#### REQUIRED WORK
Every entry below should be copied exactly, minus the pictures.

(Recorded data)
● ● ● ●

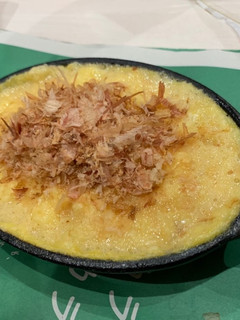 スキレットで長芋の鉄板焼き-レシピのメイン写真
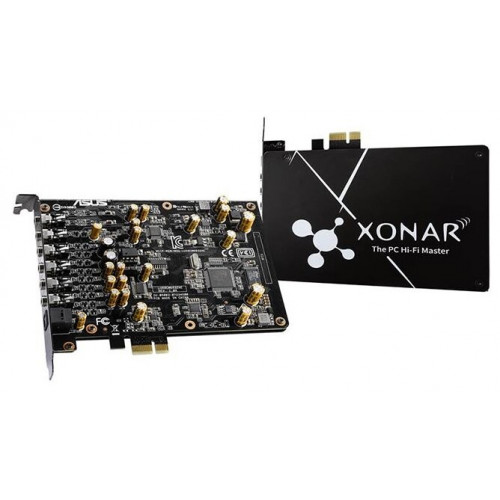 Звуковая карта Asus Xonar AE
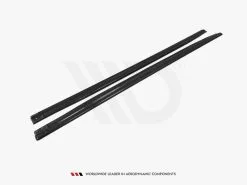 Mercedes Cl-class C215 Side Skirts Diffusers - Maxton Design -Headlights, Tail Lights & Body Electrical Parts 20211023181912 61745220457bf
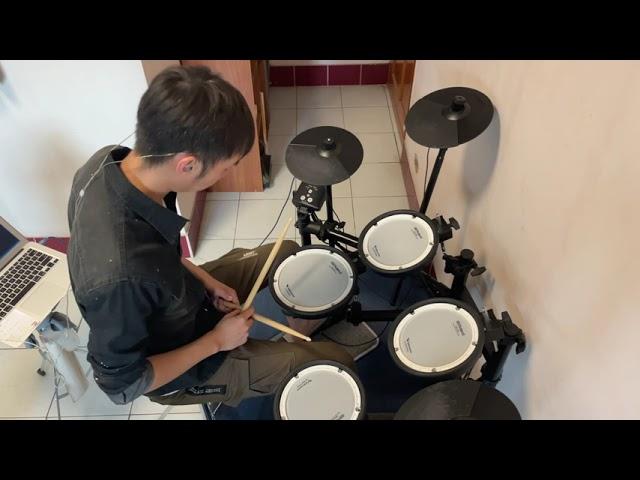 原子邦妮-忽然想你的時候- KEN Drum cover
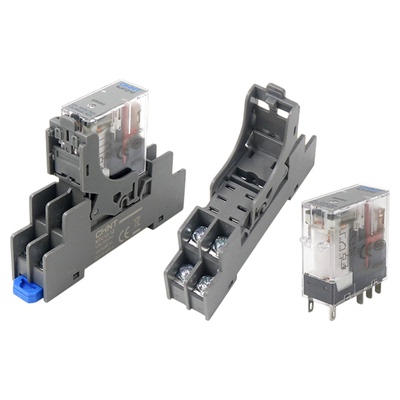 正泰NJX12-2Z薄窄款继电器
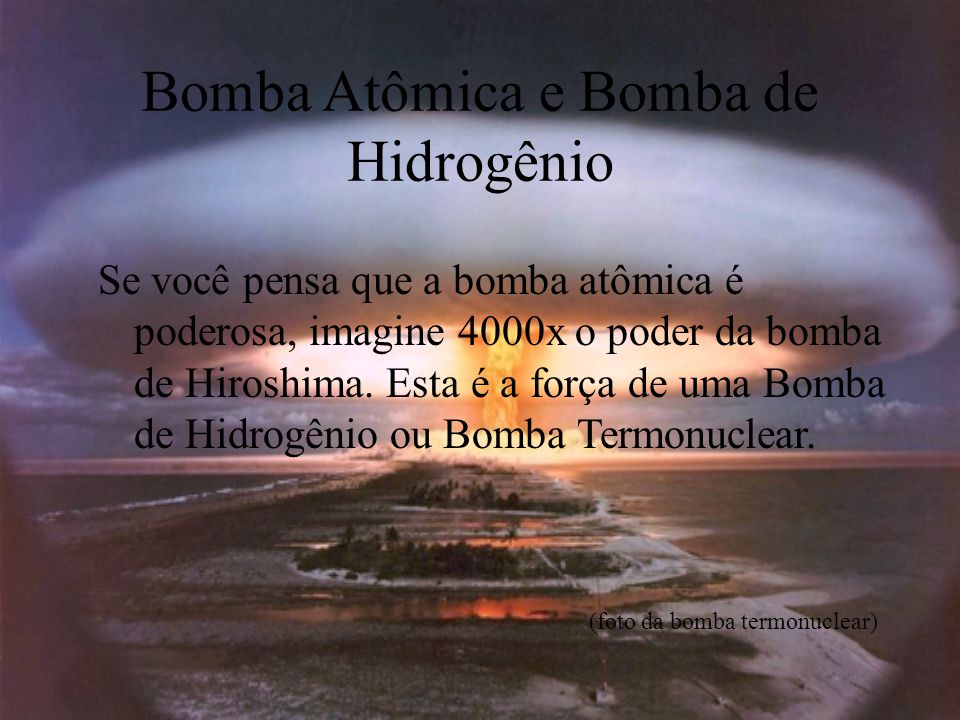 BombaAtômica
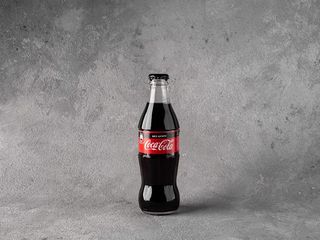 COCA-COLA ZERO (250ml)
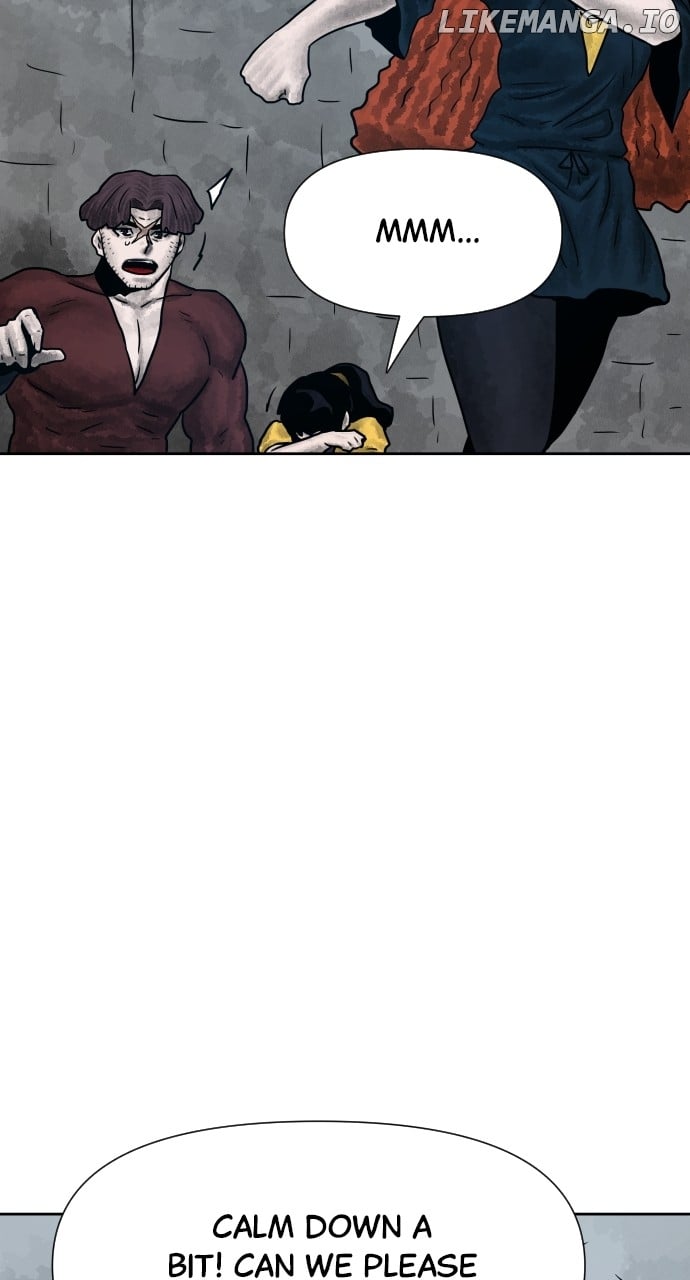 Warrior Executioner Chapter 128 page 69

● ● ● ●

#### OUTPUT
 スキレットで長芋の鉄板焼き-レシピのメイン写真
 Звуковая карта Asus Xonar AE
 Mercedes Cl-class C215 Side Skirts Diffusers - Maxton Design -Headlights, Tail Lights & Body Electrical Parts 20211023181912 61745220457bf
 原子邦妮-忽然想你的時候- KEN Drum cover
 正泰NJX12-2Z薄窄款继电器
 BombaAtômica
 COCA-COLA ZERO (250ml)
 Warrior Executioner Chapter 128 page 69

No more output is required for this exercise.